Laura Summers
Laura is a very technical designer™️, working at Pydantic as Lead Design Engineer. Her side projects include Sweet Summer Child Score (summerchild.dev) and Ethics Litmus Tests (ethical-litmus.site). Laura is passionate about feminism, digital rights and designing for privacy. She speaks, writes and runs workshops at the intersection of design and technology.
Sessions
In this one-hour panel session, AI experts will explore the rapidly evolving impact of these technologies on our society. The discussion will address pressing questions across key domains being transformed by AI: privacy and regulation, environmental implications, economic and labor shifts, and the impact of AI on media and art.
Beyond hearing insightful perspectives from our panelists, you'll have the opportunity to submit your own questions throughout the session. You’ll also have the chance to walk away with prizes, through answering quiz questions based on topics discussed in the session.

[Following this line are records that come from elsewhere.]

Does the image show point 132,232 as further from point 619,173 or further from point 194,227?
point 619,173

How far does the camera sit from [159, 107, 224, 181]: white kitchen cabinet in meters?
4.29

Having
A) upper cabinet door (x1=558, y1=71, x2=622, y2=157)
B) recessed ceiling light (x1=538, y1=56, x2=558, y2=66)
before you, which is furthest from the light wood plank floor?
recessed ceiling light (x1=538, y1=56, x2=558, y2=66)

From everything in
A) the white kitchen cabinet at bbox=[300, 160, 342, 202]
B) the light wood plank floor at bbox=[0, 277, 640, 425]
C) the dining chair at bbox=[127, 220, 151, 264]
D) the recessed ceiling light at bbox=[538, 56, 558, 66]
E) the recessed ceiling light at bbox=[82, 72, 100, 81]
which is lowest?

Whether you're an AI enthusiast, industry professional, or simply curious about how these technologies will shape our world, join us to find out more about this complex area and have your burning questions answered.

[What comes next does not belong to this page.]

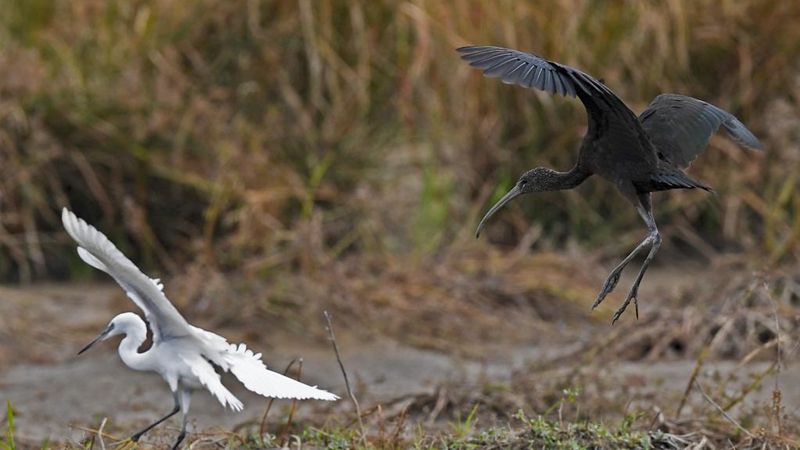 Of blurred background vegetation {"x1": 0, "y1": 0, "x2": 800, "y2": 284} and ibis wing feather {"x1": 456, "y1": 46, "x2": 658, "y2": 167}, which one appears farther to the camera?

AI development is still software development, just with some uniquely frustrating twists. You don't need to throw out everything you know about engineering, but you do need better patterns for building, debugging, and actually seeing what your AI is doing.
In this talk, we'll walk through Pydantic's opinionated approach to building reliable AI applications in Python, combining practical engineering patterns with what we call "human-seeded evals", a way to create meaningful evaluation systems that start small and scale up (without needing a PhD in data annotation).

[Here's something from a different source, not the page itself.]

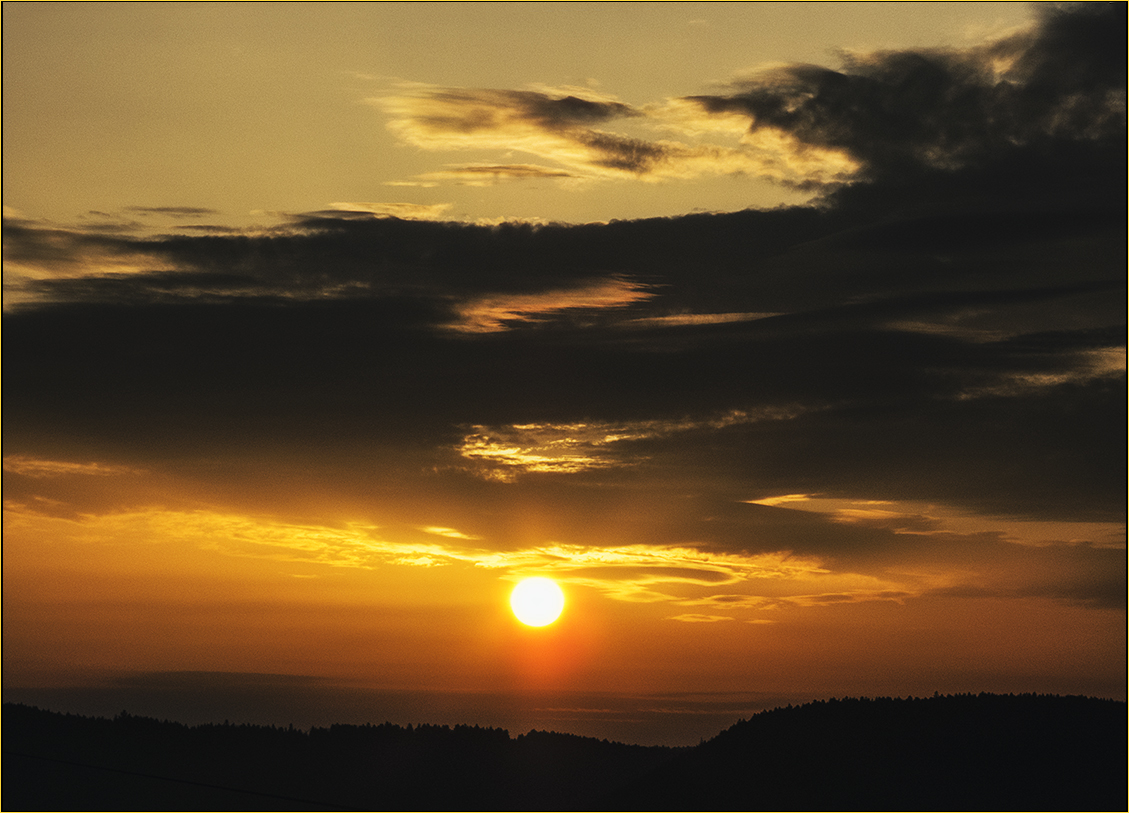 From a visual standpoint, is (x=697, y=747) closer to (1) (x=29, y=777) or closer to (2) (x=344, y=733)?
(2) (x=344, y=733)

We'll show you how to build AI apps with Pydantic AI that don't fall apart in production, create evaluation systems that start with just 5-10 examples and grow from there, and use Pydantic Logfire to actually understand what's happening under the hood. Live demos, real code, and patterns you can use tomorrow.
Community Notes - if you haven’t heard of this algorithm yet, you’ll come across it in 2025. Originated by the team at then-Twitter and developed open source, this year Meta will be adopting it across all platforms (and spinning down all other content moderation—but that’s a separate topic). Let’s focus on what’s interesting about Community Notes: a fascinating blend of algorithm and design choices that puts platform users in the driver’s seat. In their own words, “Community Notes aims to create a better informed world, by empowering people on X to add helpful notes to posts that might be misleading.” Importantly, also, “X doesn’t write, rate or moderate notes (unless they break X's Rules.)” This hands-off approach is particularly noteworthy in an era when model guardrails and constraints are increasingly part of the public consciousness, and not in a good way. People are bumping their heads as they sail into the wall at the edge of their AI-managed world, like Truman discovering the limits of his manufactured reality.
For anyone building an agent or thinking about dialogue-as-interface—this is the talk for you. Let's drift through this data science success story, examining how careful algorithm design combined with thoughtful UX can create something remarkable: a system that finds truth not through central authority, but through bridging the multiplicities of human perspective. We'll dive deep into both the mathematical engine ranking these bridges of agreement, and the subtle design choices that make users want to cross them.